During the retreat, we reflected on what kills us with delight. I knew right away what I would share.

This summer, my 12 year old's voice changed. One day he was a sweet soprano, and the next day he sounded like Bowser from  Sha-na-na. "Hey mom." I'd make him repeat it, just so I could hear it and reconcile this grown man's voice with my first baby's face. "Hey mom," he'd say again, humoring me. 

It killed me to hear it. It killed me with delight, this incongruous sound coming from that same boy who's first word was "hi!" which inevitably made every stranger he greeted melt. This new deep voice would stop me in my tracks and make me giggle. He knew it, and would repeat whatever I asked him to, giggling with me. Laughing together at the wonder of life, growing up and recognizing that while he's always going to be my first baby, he's not a baby anymore. 

This month's theme is transcendence. It's such a big word, transcendence. And there are multiple meanings. It's original definition was that God is outside of and beyond the world, as opposed to being in and part of the world. Later, Immanuel Kant defined transcendence as that which lies beyond what our faculty of knowledge can legitimately know. Most of his philosophical thinking was focused on the relationship between our knowledge of self and our knowledge of objects. For example, how do we assign characteristics to new objects we encounter without having previous knowledge of those objects? This is the basic plotline of many a horror movie...we encounter aliens for the first time with an expectation that they are friendly, only to be horribly horribly wrong. And then there is the modern colloquial definition of transcendence, a feeling of going outside of yourself, a mystical sense of the universe.
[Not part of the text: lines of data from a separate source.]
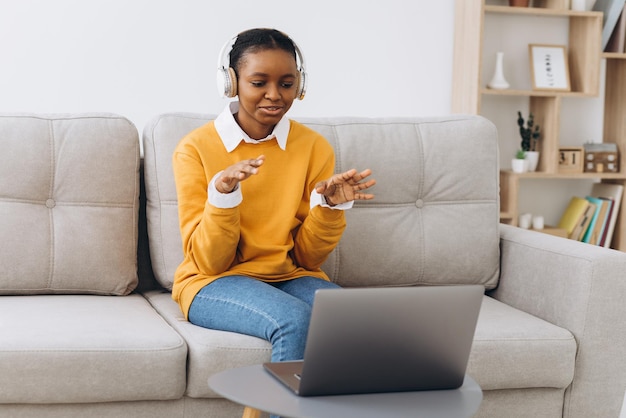Giovane donna afroamericana che parla in videochiamata in soggiorno a casa, concetto di apprendimento a distanza da casa.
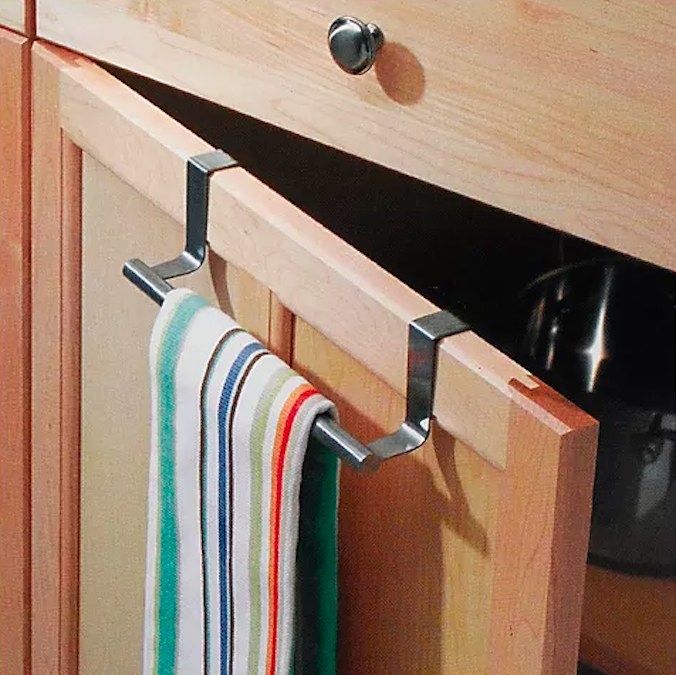 Towel bar with striped kitchen towel on a wood cabinet door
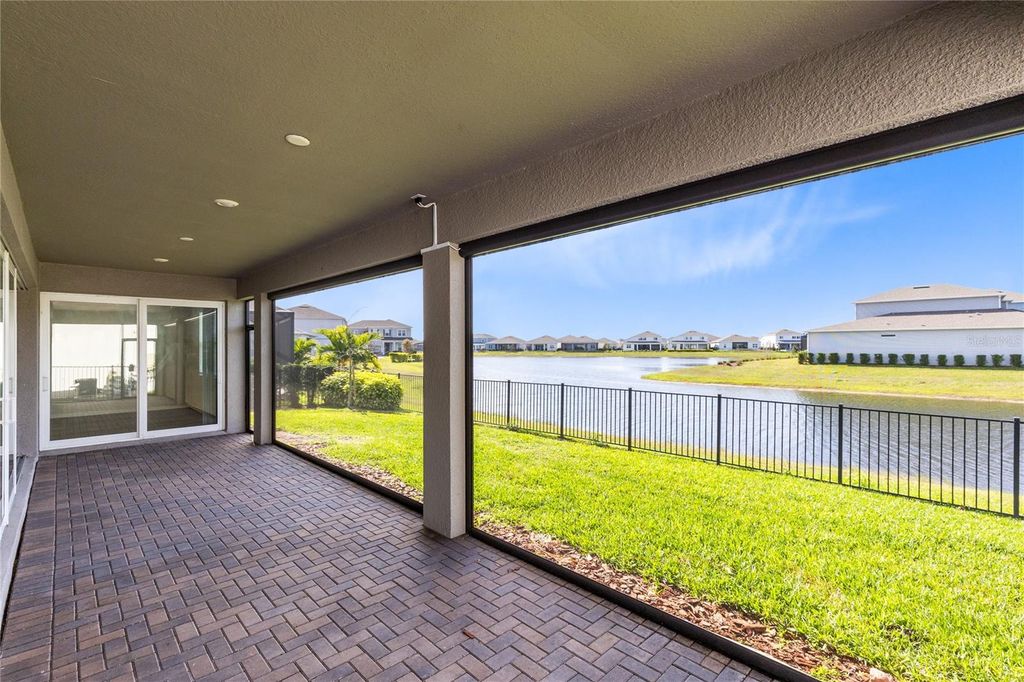 Photo of 13846 Tybee Beach Lane, Orlando, FL 32827 (MLS # O6373292)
Such a big idea, and yet, it's often quite little events, little moments, when we feel that sense that there is something bigger than us. It might be standing in the never ending ebb and flow of the waves on the beach when I realize that I am small, and weak, and powerless to stop their relentless motion. It may be as I'm standing in the middle of a crowd, looking across at people all with their own stories and hopes and fears that are probably not so different than my own, that I feel like I am one small piece of a puzzle so big I can't grasp it's size or meaning. It might be looking up at the stars and wondering if anyone else is out there. It might be examining a spider's intricate web and marveling at the beauty of it's form and function. It might be examining the wings of a ladybug that my daughter caught that don't seem capable of carrying it's hard-coated body. It is definitely hearing my son's newly deep voice, and realizing that just as he is changing, so am I...so is everyone. It is bigger than me and it is miraculous. 

You'd think that feeling small or insignificant or mystified would elicit negative feelings, fear or anxiety. But it's really quite the opposite, isn't it? When I feel transcendence, I am killed with delight. I feel hope and connection and a faith in a power much bigger than me and bigger than my capacity to understand it. I feel it when I hear my son's newly deep voice. I feel it every Sunday, here with you. Transcendence makes me feel the compassion of the universe and my fellow travelers in it. I appreciate our shared human experience and our unique roads on the journey. I feel wonder. I feel love. Maybe I am small and insignificant, but I am also important and able to do good.

Perhaps you feel it too. Perhaps you feel it here. So today, as we finish singing Call out a Blessing, you know that the little squeeze you give to my hand? That squeeze is going to kill me with delight.